*** THE INPUT ***
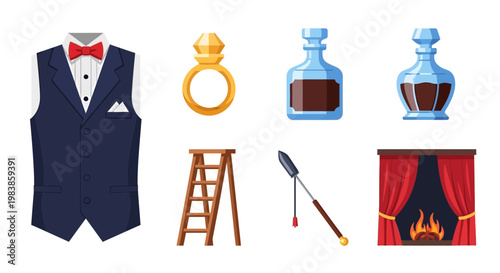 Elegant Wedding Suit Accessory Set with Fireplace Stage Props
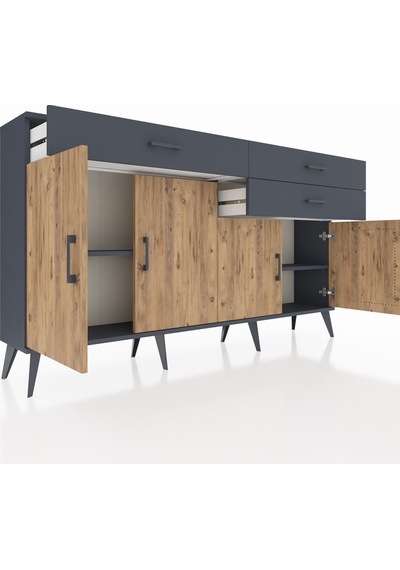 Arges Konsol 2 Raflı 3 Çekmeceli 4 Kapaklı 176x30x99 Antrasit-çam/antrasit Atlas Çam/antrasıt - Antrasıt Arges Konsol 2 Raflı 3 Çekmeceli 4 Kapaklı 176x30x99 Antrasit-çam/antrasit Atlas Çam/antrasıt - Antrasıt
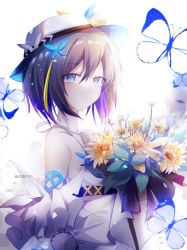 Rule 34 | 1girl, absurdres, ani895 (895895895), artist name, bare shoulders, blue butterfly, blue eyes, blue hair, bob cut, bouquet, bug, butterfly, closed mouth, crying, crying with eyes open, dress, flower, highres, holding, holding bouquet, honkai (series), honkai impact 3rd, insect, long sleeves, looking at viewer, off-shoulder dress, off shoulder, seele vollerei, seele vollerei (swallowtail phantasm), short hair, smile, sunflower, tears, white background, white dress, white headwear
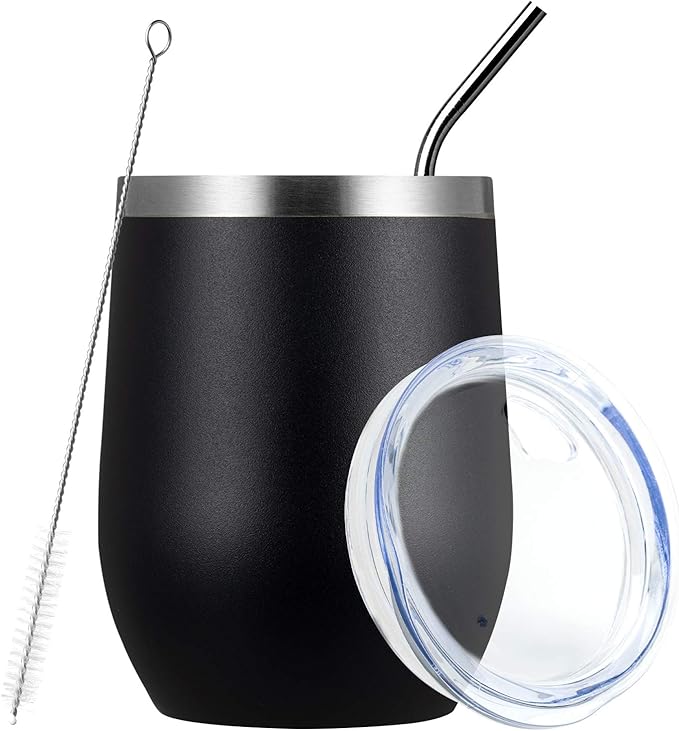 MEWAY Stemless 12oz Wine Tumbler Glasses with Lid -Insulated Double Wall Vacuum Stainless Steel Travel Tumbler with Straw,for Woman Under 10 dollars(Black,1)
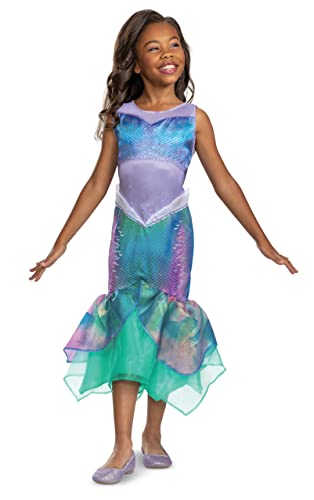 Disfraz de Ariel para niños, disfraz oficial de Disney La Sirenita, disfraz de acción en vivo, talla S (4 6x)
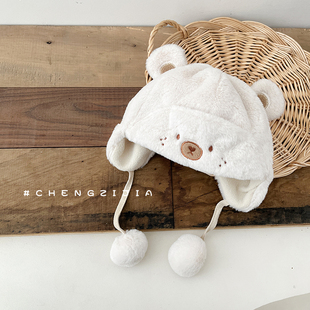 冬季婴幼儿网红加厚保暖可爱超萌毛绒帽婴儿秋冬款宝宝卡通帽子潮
*** End of THE INPUT ***
*** THE INPUT ***
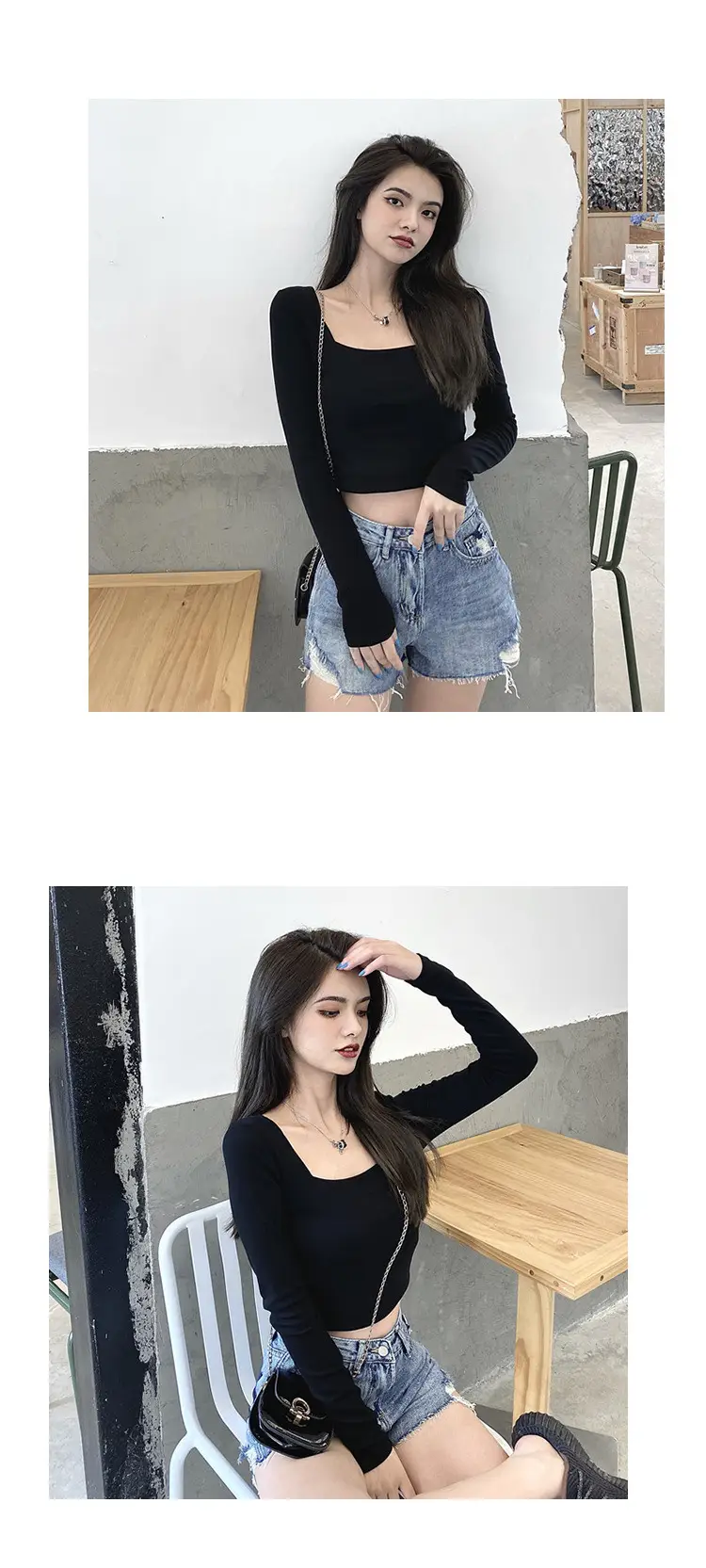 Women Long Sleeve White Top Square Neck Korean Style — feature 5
*** End of THE INPUT ***
*** THE INPUT ***
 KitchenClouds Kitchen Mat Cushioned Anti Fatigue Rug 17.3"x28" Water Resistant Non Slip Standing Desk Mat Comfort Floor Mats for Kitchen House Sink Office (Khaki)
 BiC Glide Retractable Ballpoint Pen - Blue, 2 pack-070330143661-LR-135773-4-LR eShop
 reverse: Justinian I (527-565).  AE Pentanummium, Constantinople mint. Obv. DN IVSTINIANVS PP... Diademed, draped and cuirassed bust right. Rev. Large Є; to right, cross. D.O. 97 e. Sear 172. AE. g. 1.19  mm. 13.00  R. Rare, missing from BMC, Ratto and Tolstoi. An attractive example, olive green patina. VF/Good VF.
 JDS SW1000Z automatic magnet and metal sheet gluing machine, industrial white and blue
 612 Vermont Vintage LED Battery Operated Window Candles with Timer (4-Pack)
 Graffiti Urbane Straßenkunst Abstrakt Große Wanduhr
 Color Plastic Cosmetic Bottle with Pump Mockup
*** End of THE INPUT ***
» EXERCISE PROMPT
Give again the lines of the listing above that run from the one with "Elegant Wedding Suit" up to and including the one with "冬季婴幼儿网红加厚保暖可爱超萌毛绒帽婴儿秋冬款宝宝卡通帽子潮". Keep them exact and omit the pictures.

» ANSWER TO THIS EXERCISE
 Elegant Wedding Suit Accessory Set with Fireplace Stage Props
 Arges Konsol 2 Raflı 3 Çekmeceli 4 Kapaklı 176x30x99 Antrasit-çam/antrasit Atlas Çam/antrasıt - Antrasıt Arges Konsol 2 Raflı 3 Çekmeceli 4 Kapaklı 176x30x99 Antrasit-çam/antrasit Atlas Çam/antrasıt - Antrasıt
 Rule 34 | 1girl, absurdres, ani895 (895895895), artist name, bare shoulders, blue butterfly, blue eyes, blue hair, bob cut, bouquet, bug, butterfly, closed mouth, crying, crying with eyes open, dress, flower, highres, holding, holding bouquet, honkai (series), honkai impact 3rd, insect, long sleeves, looking at viewer, off-shoulder dress, off shoulder, seele vollerei, seele vollerei (swallowtail phantasm), short hair, smile, sunflower, tears, white background, white dress, white headwear
 MEWAY Stemless 12oz Wine Tumbler Glasses with Lid -Insulated Double Wall Vacuum Stainless Steel Travel Tumbler with Straw,for Woman Under 10 dollars(Black,1)
 Disfraz de Ariel para niños, disfraz oficial de Disney La Sirenita, disfraz de acción en vivo, talla S (4 6x)
 冬季婴幼儿网红加厚保暖可爱超萌毛绒帽婴儿秋冬款宝宝卡通帽子潮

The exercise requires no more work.